The visa application process was complicated and difficult. We were asked for many, many pieces of evidence to show that we are a family. I supported the application with 130 family photos showing him with the children and me and lots of documents as well, like marriage documents and birth certificates. Lots of evidence that proved that we are Syrian, we are a family and we are waiting for reunion with our sponsor.

In the initial decision, we were told that our visa application was refused, and no reason was given to us by the visa centre. When I asked about the reasons, the centre said “no reasons were provided from the Home office!”. That put me in depression and gave me anxiety. I became vulnerable, the mental health problems exposed me to a huge pressure, and my children were just four and six years old. I was left in Kuwait, I was not getting enough money from the work I did, and was living with friends, and I was just waiting for my ex-partner to get his immigration status in the UK and to make the family reunion and hoping everything will be okay and my life will resume. BUT we were refused the family reunion visa. That decision really affected us all badly.

After around one month the visa office told me there was a mistake in the initial decision and that I could come to collect the passports. This shows how many chaotic things that might happen in the family reunification process. The impact of being separated from my partner was huge to me and the children. I became vulnerable – we were waiting for him to sponsor us. The children were asking about their father all the time.

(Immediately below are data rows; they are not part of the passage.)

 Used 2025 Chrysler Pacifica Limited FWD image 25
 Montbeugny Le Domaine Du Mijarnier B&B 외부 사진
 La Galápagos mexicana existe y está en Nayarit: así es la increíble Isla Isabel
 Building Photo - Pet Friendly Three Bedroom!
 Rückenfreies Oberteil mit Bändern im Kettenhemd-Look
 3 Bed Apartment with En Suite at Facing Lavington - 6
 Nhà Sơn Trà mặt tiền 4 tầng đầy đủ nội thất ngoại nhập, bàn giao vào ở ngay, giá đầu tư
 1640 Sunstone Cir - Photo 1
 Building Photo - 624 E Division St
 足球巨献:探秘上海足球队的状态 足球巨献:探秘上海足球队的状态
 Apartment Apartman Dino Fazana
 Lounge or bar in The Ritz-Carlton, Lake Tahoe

The Impact of Family Separation

I was living with a friend because I couldn’t afford rent. My salary was so little, I couldn’t rent. The small salary I was getting was just for basic things such as to pay for the children’s school, for transportations, and I had shared the rent place with a friend, and I was completely vulnerable. Therefore, I developed mental health problems. I was living with depression and anxiety. In this frozen process, I lost weight – 30 kilos. My situation was very bad.

It was really, really, frustrating, and I could describe it as a slow frozen system. Yeah, lots of ups and downs. I mean, lots of downs and little ups. But when the visa office rang me to tell me that the visa was ready, and I could come to collect the passport, my happiness was unmeasurable. I was running, dancing, and jumping. I was so happy. The time to take the flight to join my husband had arrived. But the waiting time had a very negative impact on our relationship. All of us were so frustrated. The family separation and the difficult asylum journey affected his mental health. He did not speak English, he couldn`t integrate, he isolated himself. When I came here to the UK, I felt like oh, everything would be okay.

We are reunited, we are a family now. We were separated for a long time and I had lots of duties on my shoulder and lots of dreams about the future. Family separation is a worrying period, we had a lot of questions: What if we were refused? What will happen? What’s the next step? Lots of frustrating things.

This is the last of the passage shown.